The generation of this CDS suggests a water mass (AABW) with two main cores. One core flows northward along C to erode the foot of the lower slope on its landward side and deposit sediment laterally on its basinward side (Fig. 4A)9. A second core flows in the opposite direction (southward) along the rise. The M feature forms between the two cores in a localised low velocity region similar to the Greater Antilles Outer Ridge36. The core along C forces M to migrate upslope and the southward flowing core erodes the distal flank of M to generate E (Fig. 4B)18. The northward-flowing AABW core is partially deflected by the bathymetric high to the northeast. This may occur due to the aforementioned Cretaceous mixed turbidite-contourite system depocenter (Figs. 2E, 4A–C)5 and/or because of bathymetric relief linked to the Ventana Transfer situated along the northern terminus of the drift (Fig. 1). The latter possibility follows an idea proposed by Hernández-Molina et al. (2010)18, whereby the northward flowing AABW was partially deflected by bathymetric relief associated with the Colorado Transfer (Fig. 1). This deflection resulted in a southward flowing AABW core which generated part of an asymmetric mounded drift coeval with the CDS described in this study, to the south of the El Austral Seamount (Figs. 1 and 3B). Partial rotation of the current first causes the truncation observed towards the northern edge of the drift and then generates E during the formation of the CDS (Figs. 2E, 3B and 4B). Deepening of the AABW/CDW interface around the middle Miocene confined the AABW below ~ 3.5 km water depth.
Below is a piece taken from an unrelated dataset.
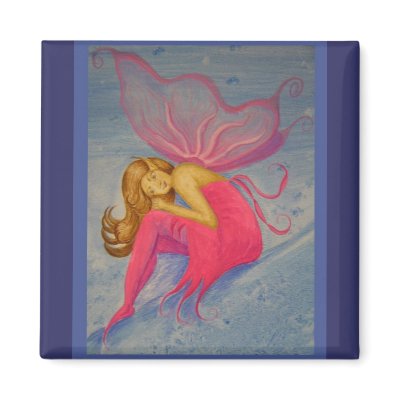 Pink dress fairy magnet by artworkbydarlene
This confinement may have enhanced the partial deflection of AABW due to reduced flow space between the interface and bathymetric high.
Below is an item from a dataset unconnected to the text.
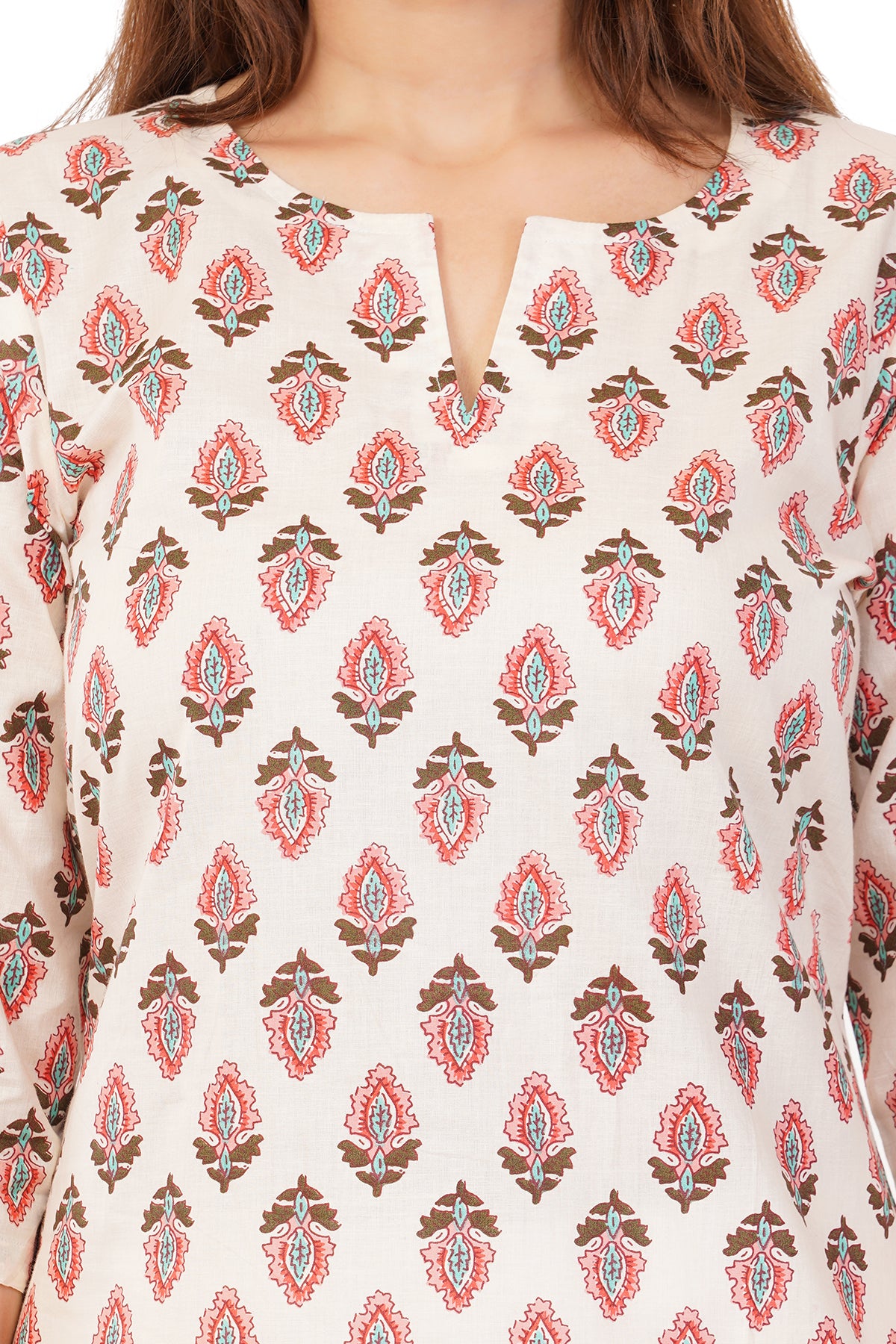 White Pure Cotton Printed Long Kurta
Overall, a complex bottom current regime controlled this CDS’s evolution. The large lateral migration observed in M is comparable in scale with large clinoform progradations. Furthermore, the internal sedimentary stacking of M appears similar to a transgression24. In SU2, the southward-flowing AABW core modulates the growth of M, causing it to migrate westward. This process resembles that of other asymmetric drifts described along the margin (Fig. 4D)15,18. The southward flow also maintains E as an area of non-deposition. The lateral upslope migration of M increasingly confines C, and by SU3, exhibits a westward shift into C. In contrast to other giant drifts in the region however, M shows no vertical growth18. The deeper AABW/CDW interface at this time appears to have imposed a vertical height limit on the CDS similar to that proposed for the Zambezi drift11. Secondary oceanographic processes, such as internal waves at this location, may cause enhanced erosion of the steep basinward flank of M8. Interestingly, these internal waves may represent a boundary similar to the ‘wave base’ in conventional progradational settings (Fig. 4D). The enhanced erosion may cause decreasing reflection gradients within M as accommodation space beneath the interface declines and the CDS deactivates (Fig. 4C).

Conclusion

This study describes a contourite depositional system that exhibits the upslope lateral migration of large sedimentary bodies from Oligocene to middle Miocene times. The migration occurred due to global oceanographic changes and local bottom current processes and appears to have some similarities to major ‘clinoform’ progradations. The findings presented here carry implications for sedimentary basin analysis and paleoceanographic reconstructions.